| The Superior Court of New York City | Mar 15, 1860

Robertson, Justice.

I do not think the applicant in this case has obtained any lien on the funds in the hands of the receiver appointed in the actions brought to set aside the assignment made by the defendant, Sands & Paradise, to John Dean. As against all the world except creditors, proceeding directly to attack such assignment, John Dean is the owner of such assets, and the receiver is bound to pay them to him, unless a creditor intervene and commence a suit to vacate the assignment as against him.

The plaintiff, Conger, has only obtained such a lien as proceedings in a supplementary examination of a judgment *11debtor could give him, which is no more than such debtor could voluntarily give him, and he (the debtor) could not deprive Dean of his rights.

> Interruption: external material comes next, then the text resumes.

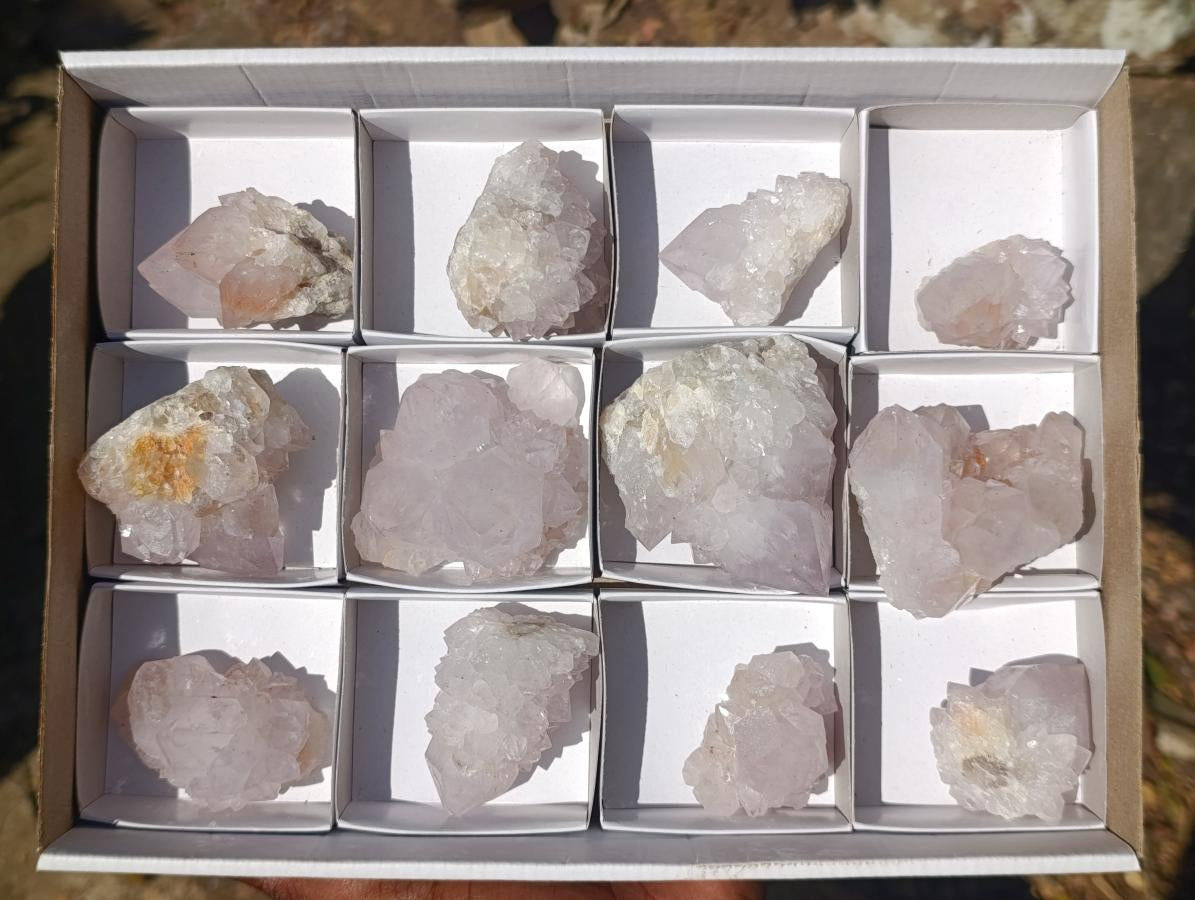 Natural Lilac Spirit Amethyst Clusters with Cactus Flower Formations x 12 From Boekenhouthoek, South Africa - Toprock Gemstones and Minerals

It is more than doubtful, too, whether he could acquire any lien in such proceedings until the appointment of a receiver was completed therein by the filing of his bond (Voorhies agt. Seymour, 26 Barb., 510) ; and such receiver was not appointed until after a lien was obtained in the other actions. (Edmonston agt. McLoud, 16 N. Y. Rep., 543.) I think, therefore, there is no ground for ordering a referee, as the applicant does not make out a prima facie case of lien.

The motion is denied, without costs.